Problem:
In the records below, find the line with "tenerife_Incendio_vuelta_a_casa_2023 El Cabildo" and repeat exactly every line from it through the line with "Chronic IFN-γ Exposure". Pictures stay out.

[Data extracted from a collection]
┄┄┄┄┄┄

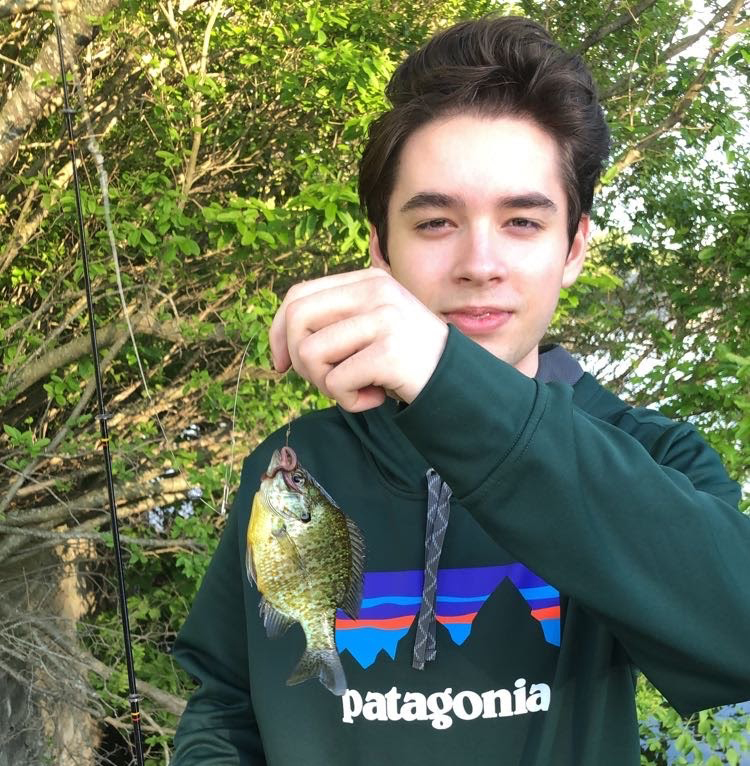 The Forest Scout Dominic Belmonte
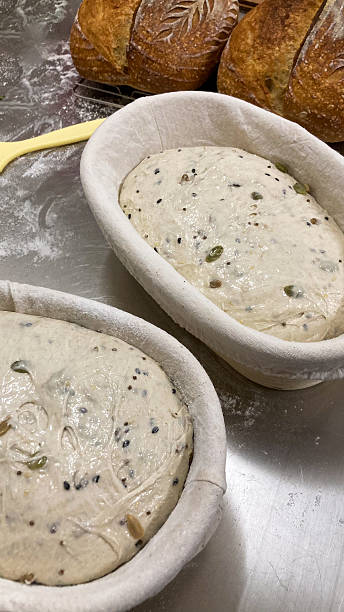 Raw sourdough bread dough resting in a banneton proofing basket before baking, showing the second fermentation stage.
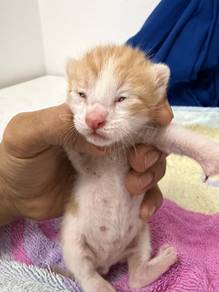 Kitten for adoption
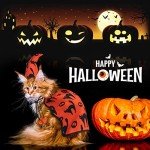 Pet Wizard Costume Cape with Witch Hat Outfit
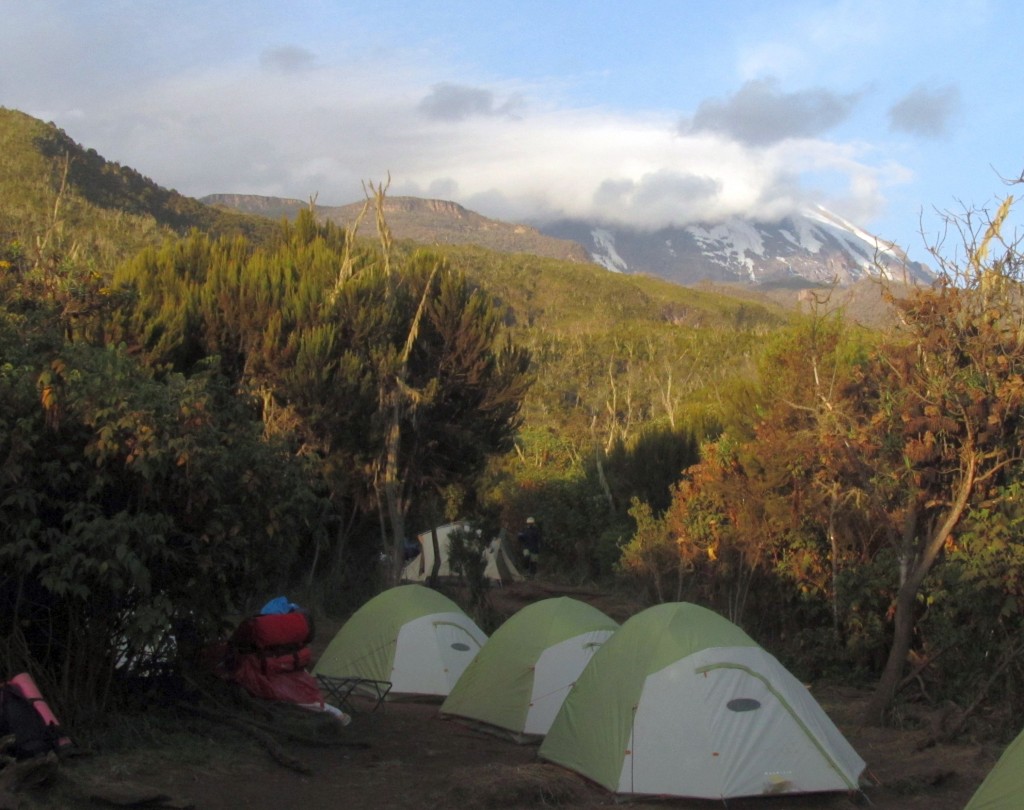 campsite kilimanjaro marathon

┄┄┄┄┄┄

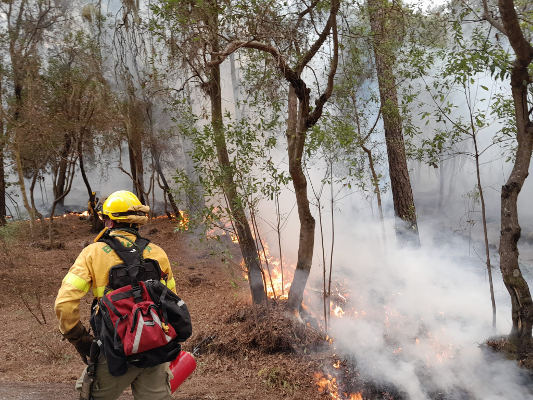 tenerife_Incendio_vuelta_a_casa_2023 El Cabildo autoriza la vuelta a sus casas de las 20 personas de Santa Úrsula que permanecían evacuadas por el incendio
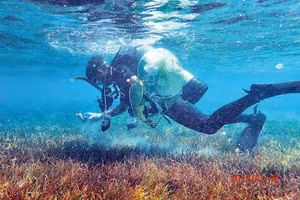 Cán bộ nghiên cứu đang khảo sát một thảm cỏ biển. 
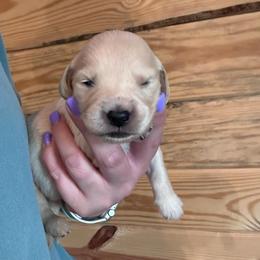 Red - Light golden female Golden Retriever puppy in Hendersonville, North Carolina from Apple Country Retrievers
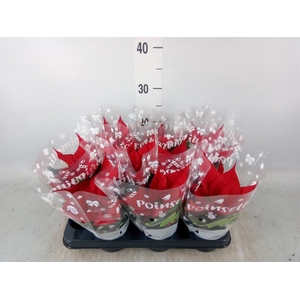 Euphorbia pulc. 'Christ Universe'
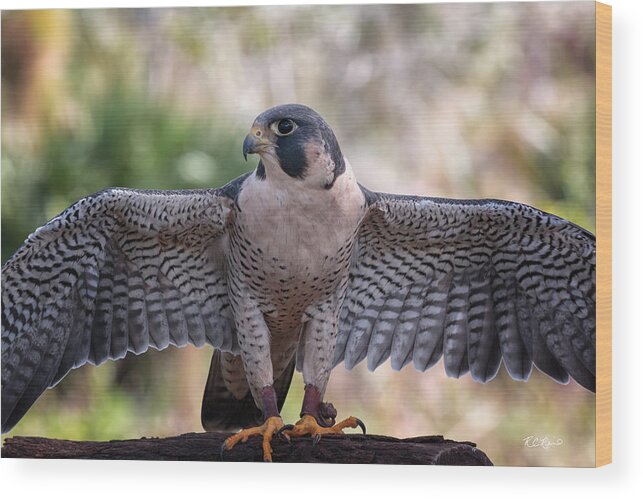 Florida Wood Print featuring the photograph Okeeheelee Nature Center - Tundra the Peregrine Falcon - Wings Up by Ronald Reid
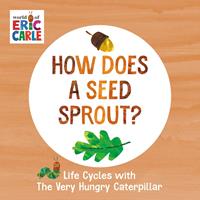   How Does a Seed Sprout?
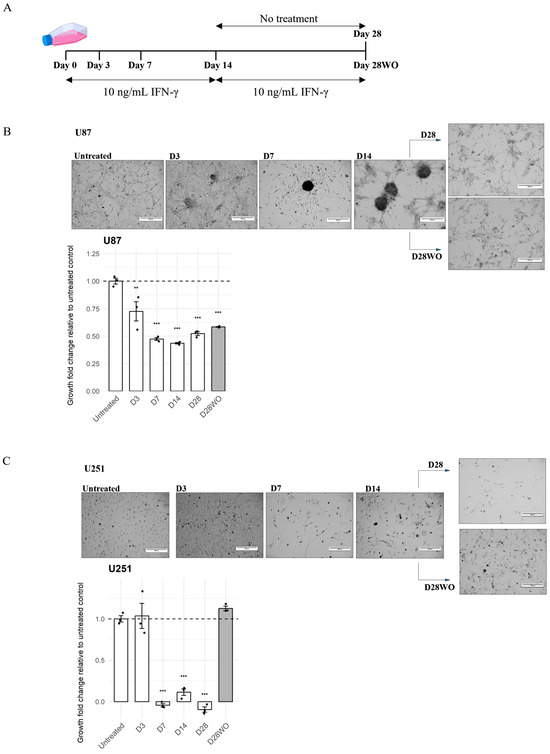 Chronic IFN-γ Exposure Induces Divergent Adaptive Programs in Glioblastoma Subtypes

┄┄┄┄┄┄

Output for this task:
 tenerife_Incendio_vuelta_a_casa_2023 El Cabildo autoriza la vuelta a sus casas de las 20 personas de Santa Úrsula que permanecían evacuadas por el incendio
 Cán bộ nghiên cứu đang khảo sát một thảm cỏ biển. 
 Red - Light golden female Golden Retriever puppy in Hendersonville, North Carolina from Apple Country Retrievers
 Euphorbia pulc. 'Christ Universe'
 Florida Wood Print featuring the photograph Okeeheelee Nature Center - Tundra the Peregrine Falcon - Wings Up by Ronald Reid
   How Does a Seed Sprout?
 Chronic IFN-γ Exposure Induces Divergent Adaptive Programs in Glioblastoma Subtypes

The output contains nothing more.